Robust way to parse text content from HTML in PHP?

Robust way to parse text content from HTML in PHP? - php

I'm trying to find a robust way to parse ALL of the text (i.e. non-html/non-code/non-script content) from an HTML document. I'm talking specifically about extracting keywords on any input web page on the internet. I'm writing a keyword spider that tracks keyword trends on web pages using PHP, and although I've found a number of great ways to actually read in the content (like DOMDocument and cURL), I'm having a hard time finding any robust solutions for actually parsing out all of the word content separate from the HTML/Javascript/CSS/etc on any old random page on the Internet.
I first tried using strip_tags(), but it has lots of artifacts of javascript and other xml that might be on the page. I've also tried Simple HTML DOM, but it seems to have problems with punctuation and whitespace handling. I finally tried building a library from tutorials on nadeausoftware, and while it works phenomenally well on most pages, on some pages it doesn't return any content at all (I guess the curse of trying to use regex for parsing).
I'm just wondering if there aren't any php libraries that provide the specific capability of grabbing all of the non-html/non-javascript/non-xml/non-code words from an HTML document.
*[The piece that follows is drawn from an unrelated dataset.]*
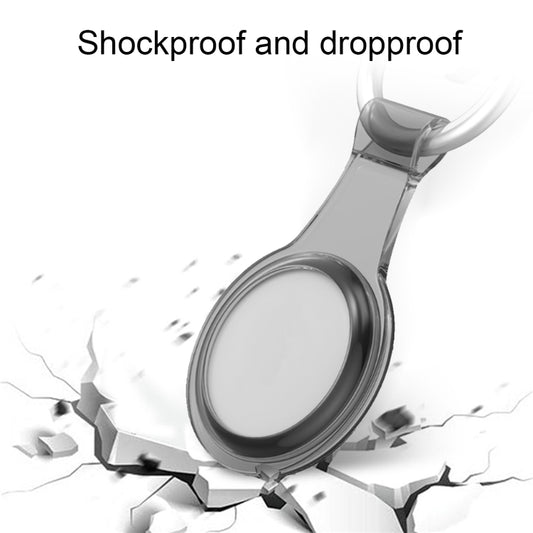 AirTag in transparent protective case attached to keychain with durable ring loop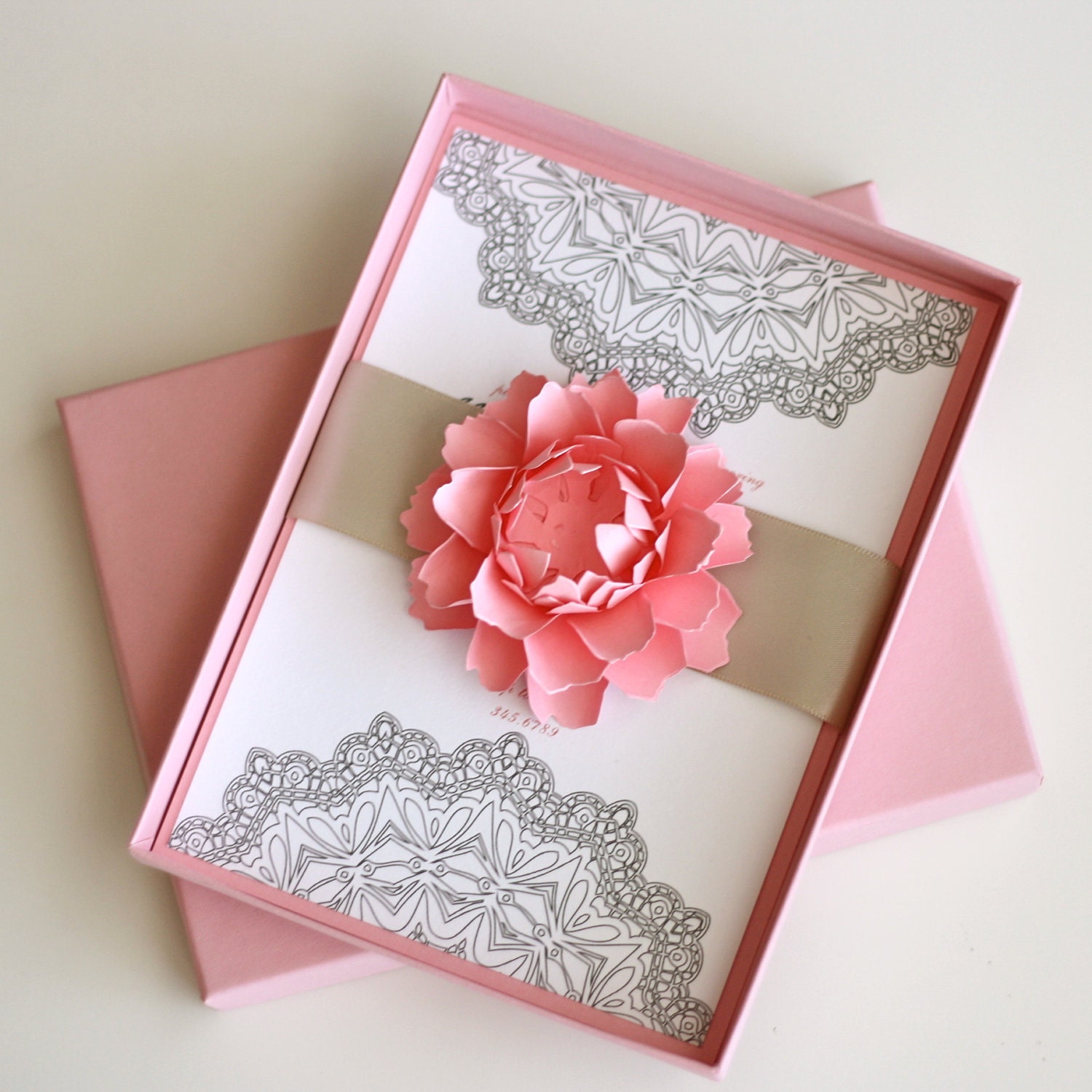 Flowers and Lace Boxed Invitation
I know that might sound like a tall order, and I'm not looking for perfection, but if there's a solution that's 80% reliable on most web-pages, I'd be happy.
Thanks for any help anyone can provide!

You could load the document, get rid of the tags you don't want and then query the textContent property:
$html = '<html><head><style type="text/css">hola</style></head><body><script>tada</script>hello <span>world</span></body></html>';
$dom = new DOMDocument;
$dom->loadHTML($html);
foreach ($dom->getElementsByTagName('*') as $node) {
if (in_array($node->nodeName, array('script', 'style'))) {
$node->parentNode->removeChild($node);
}
}
echo $dom->documentElement->textContent;
// hello world
Demo

As it turns out, the PHP parsing code from nadeau software is actually more robust than I originally gave it credit --- on additional tinkering, I discovered that the problems I was encountering were due to my feeding the parser html content that wasn't properly encoded to utf-8.
It's unfortunate that there don't seem to be any existing libraries for handling such a complex use-case, but at least I was able to get the tutorial code to work on a broad number of test cases.

Related

Caching web pages using PHP (for offline viewing)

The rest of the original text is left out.